New York City, outside of Lower Manhattan, grew up around its subway, as we can see from this 1915 New York Times article. That was decades before we started building car-dependent places and calling them “suburbs.” However, good traditional, walkable urban planning principles are timeless.

While we have planning tools like zoning and parking minimums to hammer out, the fundamental condition where many people are enthusiastic about paying good money for proximate fixed rail transit access that’s connected to their work and play still holds true.

Conclusion

There was much vigorous debate about whether the Silver Line in Tysons Corner should be underground or elevated. In the end, Virginia was absolutely correct to plan for an elevated Silver Line in exchange for FTA funding. While a Tysons Tunnel would be ideal, our experience in Silver Spring and the boroughs of New York City show that vibrant, sustainable, transit-oriented walkable urbanism is very possible with an elevated rail line. I am a firm believer in not letting the perfect be the enemy of the good.
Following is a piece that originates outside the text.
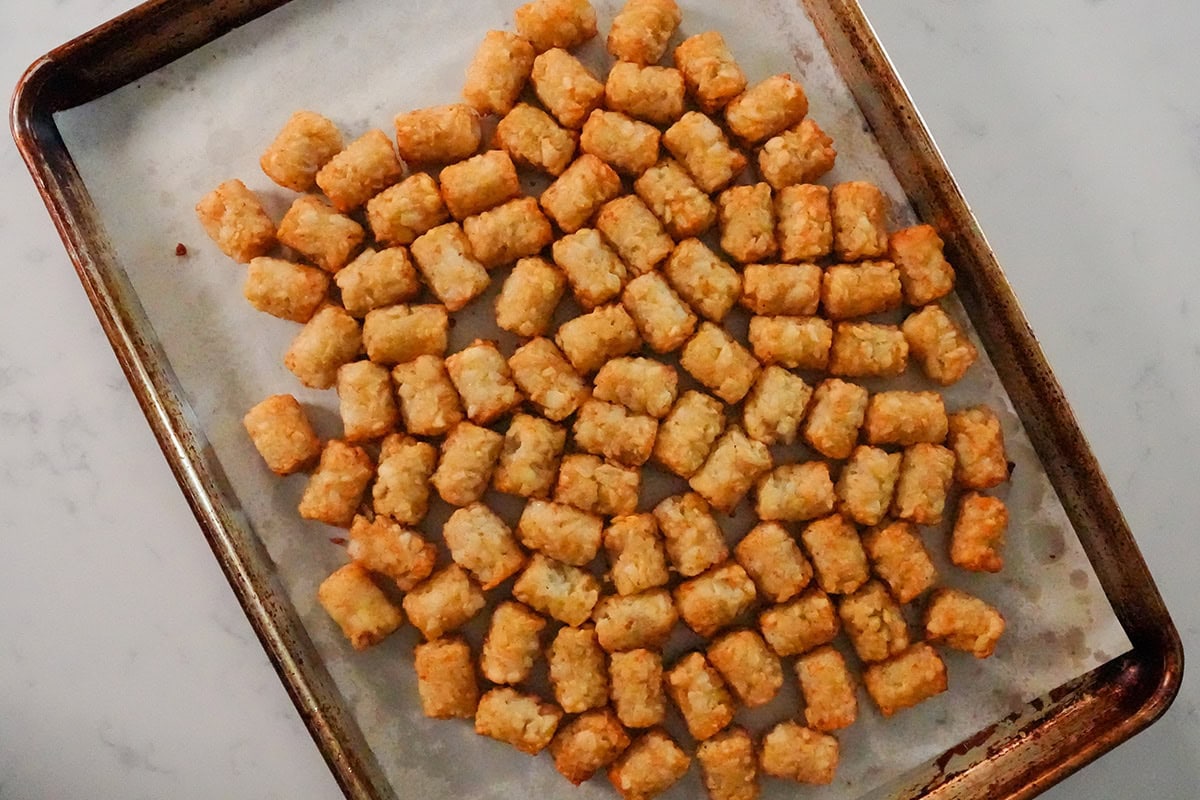 tater tots spread out on a baking sheet.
While it is obvious that an underground Orange Line was excellent for the Rosslyn-Ballston Corridor, it wouldn’t have been impossible to achieve similar results with an elevated line. The key was timing. When Rosslyn-Ballston was being planned and built, traditional walkable urban development was very much out of fashion and viewed as extremely risky by both banks and developers.

While we can’t know for sure, I believe the level of walkable urban vibrance we see today would have taken decades linger with an elevated line, However, the perceptions of the real estate market in the late 20th century would have caused the delay, not the infrastructure itself.

Our attitudes about building traditional, sustainable, walkable urban towns have come a long way since the 1970’s and ‘80s when Rosslyn-Ballston was in its infancy. Walkable urban places no longer have the stigma they once did in the later 20th century. Today, the money is the more important motivator, as would make sense in our regulated capitalist economic system. There are plenty of honest business opportunities that coincide with doing the right thing for both municipal budgets and the environment with TOD related to elevated rails.

It is very possible that our current period of austerity will last a number of years. Even so, we will still need new infrastructure that is appropriate for building and sustaining human-scale walkable urban places. Our environmental and fiscal challenges related to car-dependence will not change because of a sluggish economy.

As we look towards more fixed rail infrastructure, we should be very open to elevated rail. It will be much better than nothing. While a tunnel is clearly ideal, it is not the only solution that addresses our challenges. Sometimes the cost-effectiveness of elevated rails makes it the better choice in aggregate, especially when it’s that or nothing.